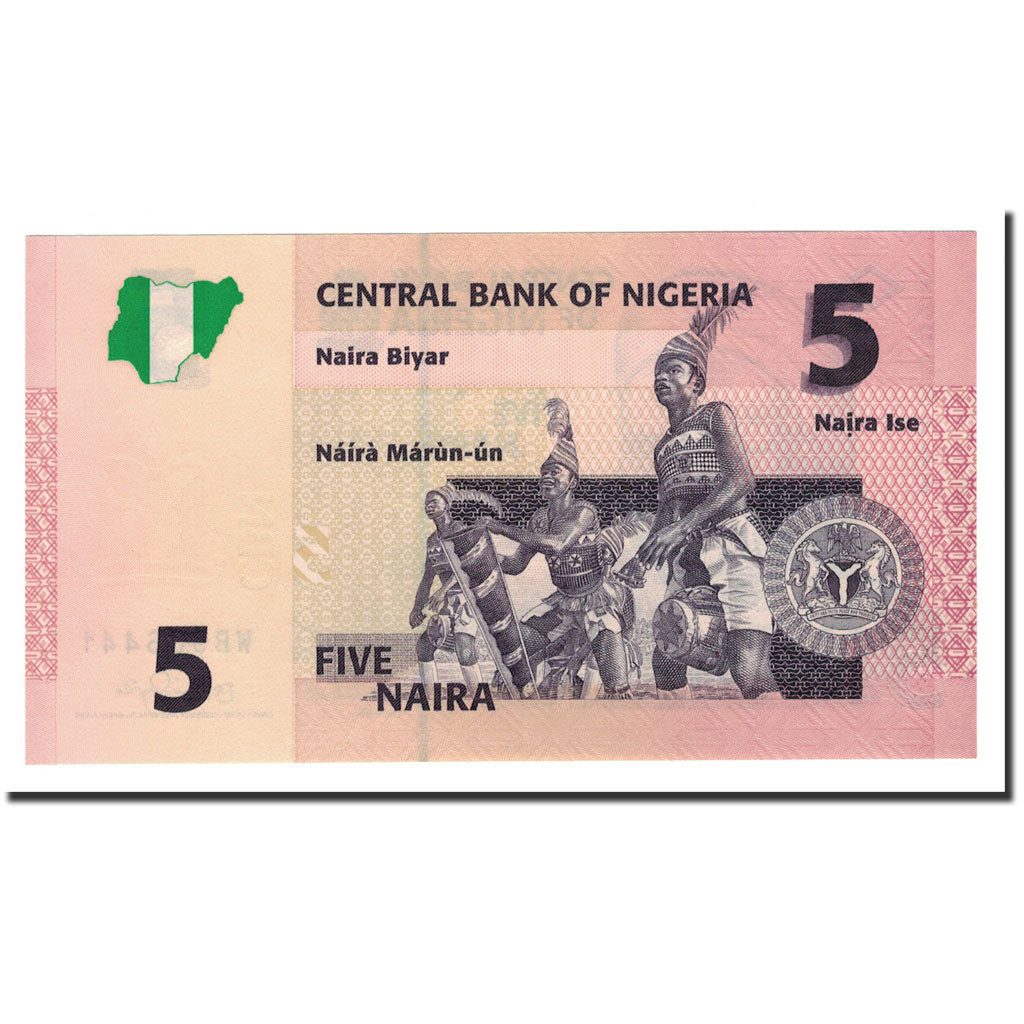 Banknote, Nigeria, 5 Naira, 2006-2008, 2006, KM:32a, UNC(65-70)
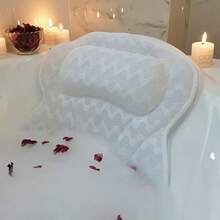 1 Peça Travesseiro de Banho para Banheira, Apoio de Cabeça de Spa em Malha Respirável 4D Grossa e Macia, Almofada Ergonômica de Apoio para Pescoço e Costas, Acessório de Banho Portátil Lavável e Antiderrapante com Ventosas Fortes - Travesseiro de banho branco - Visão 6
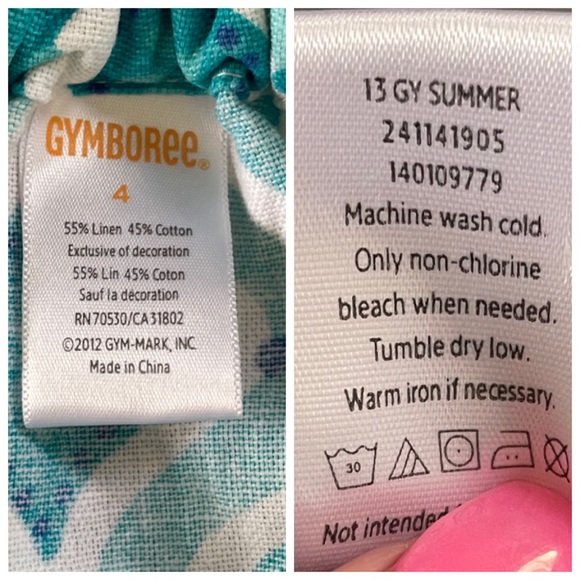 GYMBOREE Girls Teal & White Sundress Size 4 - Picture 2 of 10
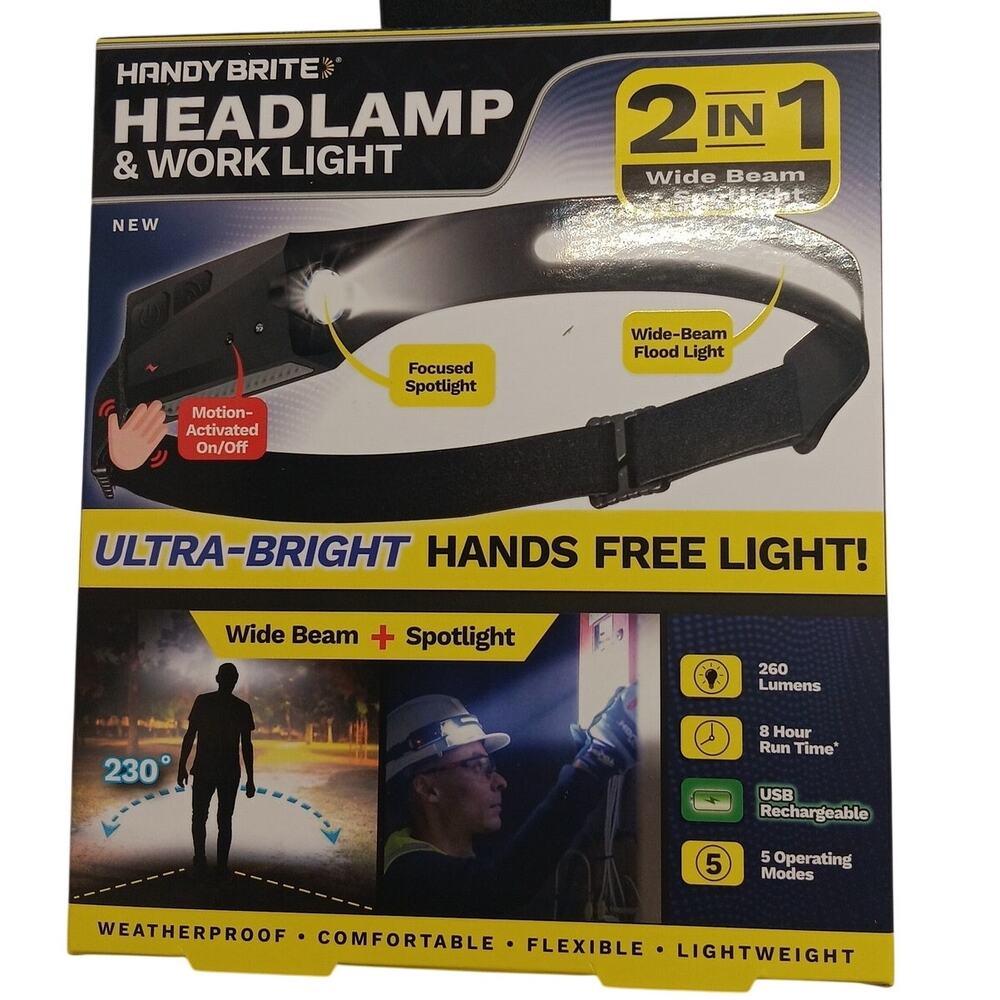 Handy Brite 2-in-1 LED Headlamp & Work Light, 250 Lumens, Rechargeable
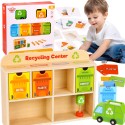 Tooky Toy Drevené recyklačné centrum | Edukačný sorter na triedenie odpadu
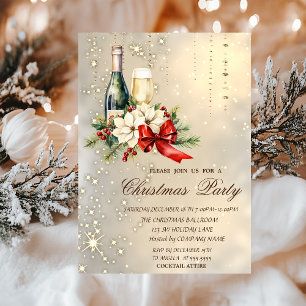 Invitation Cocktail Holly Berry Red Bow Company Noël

◆ ◆ ◆ ◆ ◆

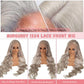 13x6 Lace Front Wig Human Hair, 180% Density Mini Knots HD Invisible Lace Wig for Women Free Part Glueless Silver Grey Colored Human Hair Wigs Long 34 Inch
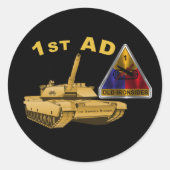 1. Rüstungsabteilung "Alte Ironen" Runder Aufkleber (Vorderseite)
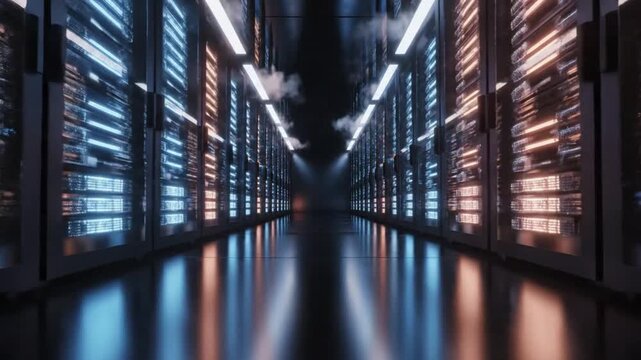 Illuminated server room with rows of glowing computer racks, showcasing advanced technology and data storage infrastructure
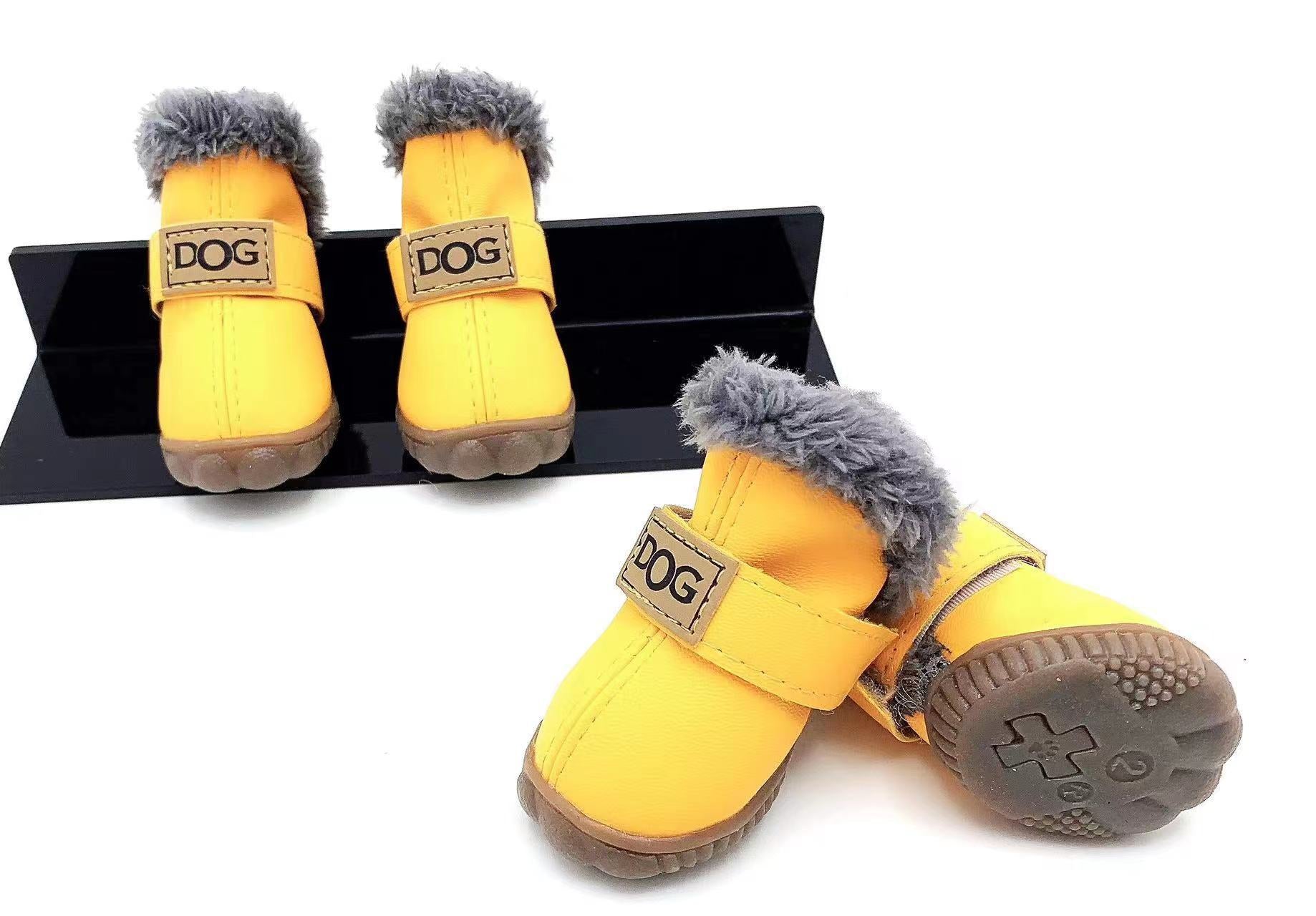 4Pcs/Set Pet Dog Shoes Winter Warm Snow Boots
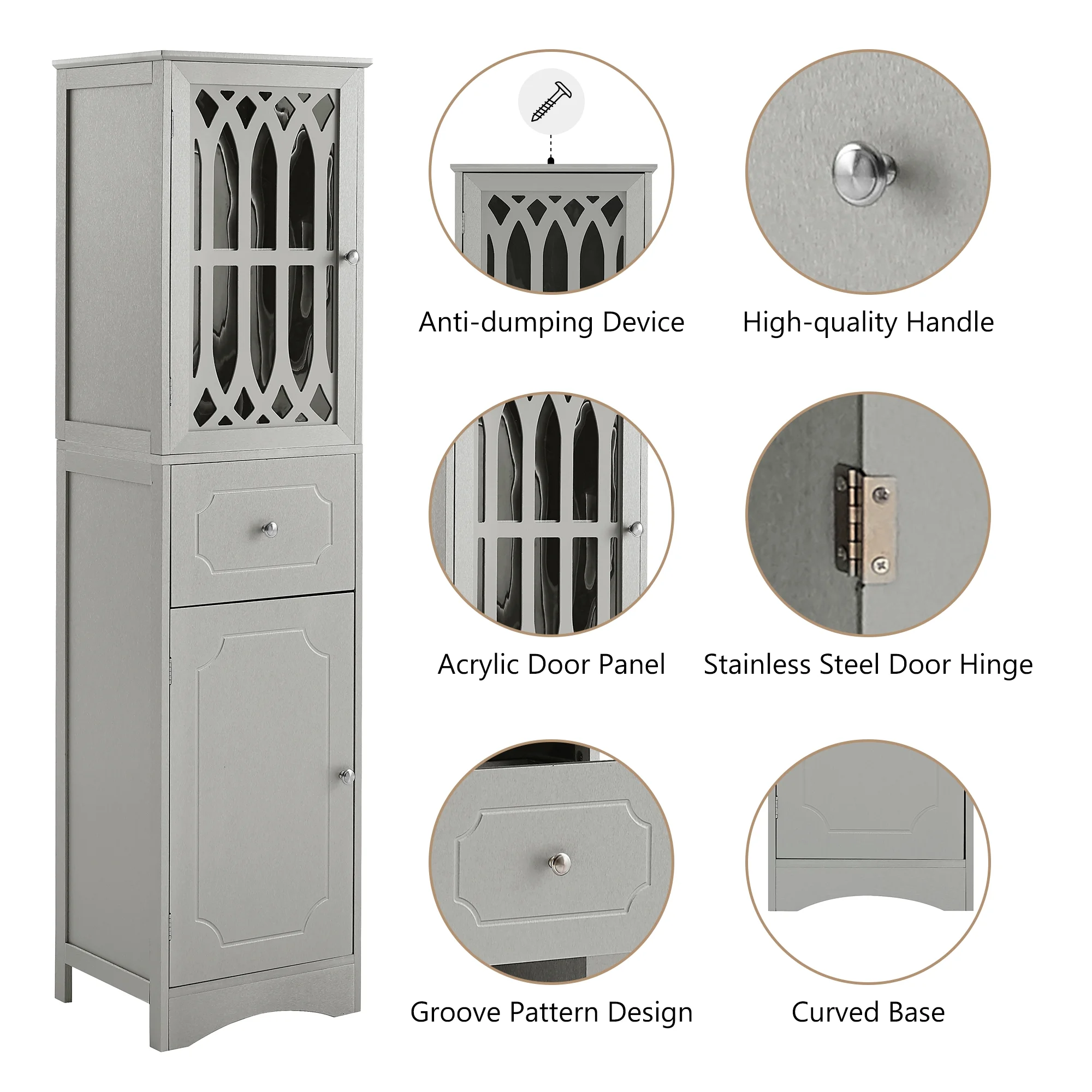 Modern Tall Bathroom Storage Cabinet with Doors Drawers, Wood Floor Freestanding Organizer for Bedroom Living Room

◆ ◆ ◆ ◆ ◆

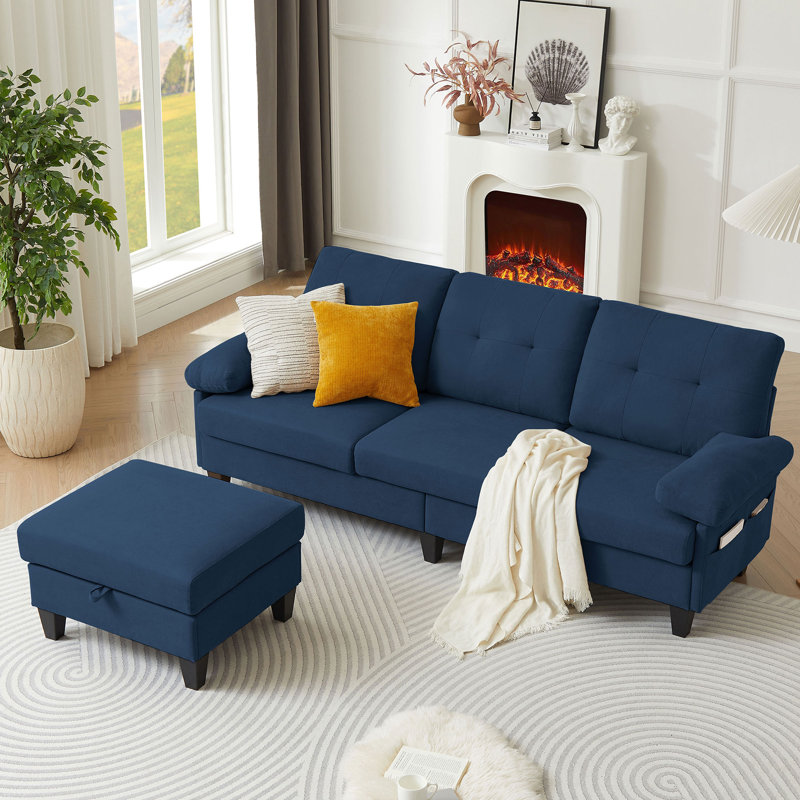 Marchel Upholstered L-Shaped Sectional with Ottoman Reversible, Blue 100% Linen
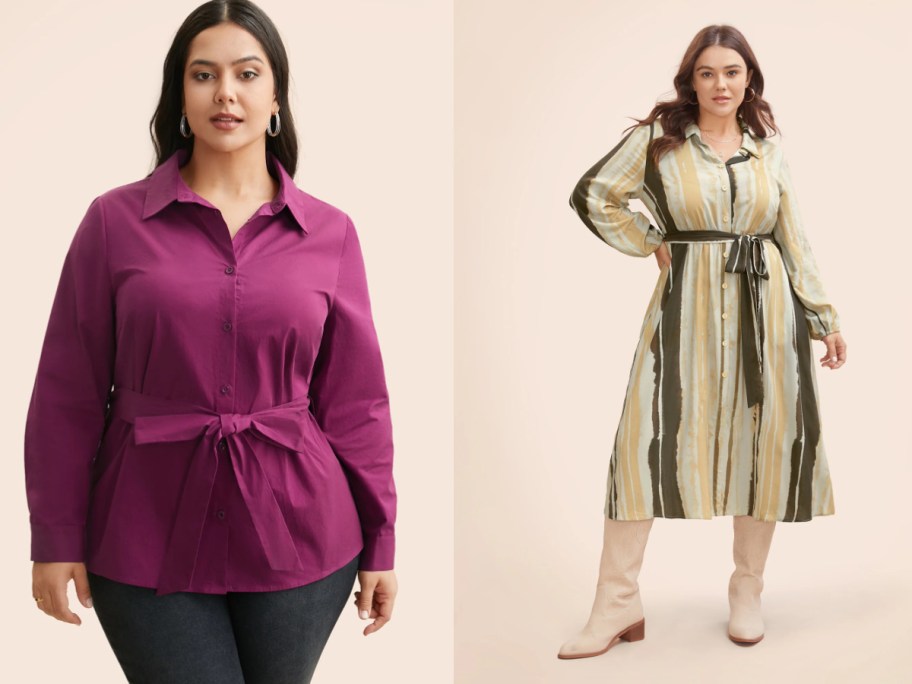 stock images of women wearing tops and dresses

◆ ◆ ◆ ◆ ◆

-- TASK --
Going by the entries above, repeat exactly the lines that start at the line with "4Pcs/Set Pet Dog" and go on through the line with "Modern Tall Bathroom". Pictures are not part of the copy.

-- EXERCISE SOLUTION --
 4Pcs/Set Pet Dog Shoes Winter Warm Snow Boots
 Modern Tall Bathroom Storage Cabinet with Doors Drawers, Wood Floor Freestanding Organizer for Bedroom Living Room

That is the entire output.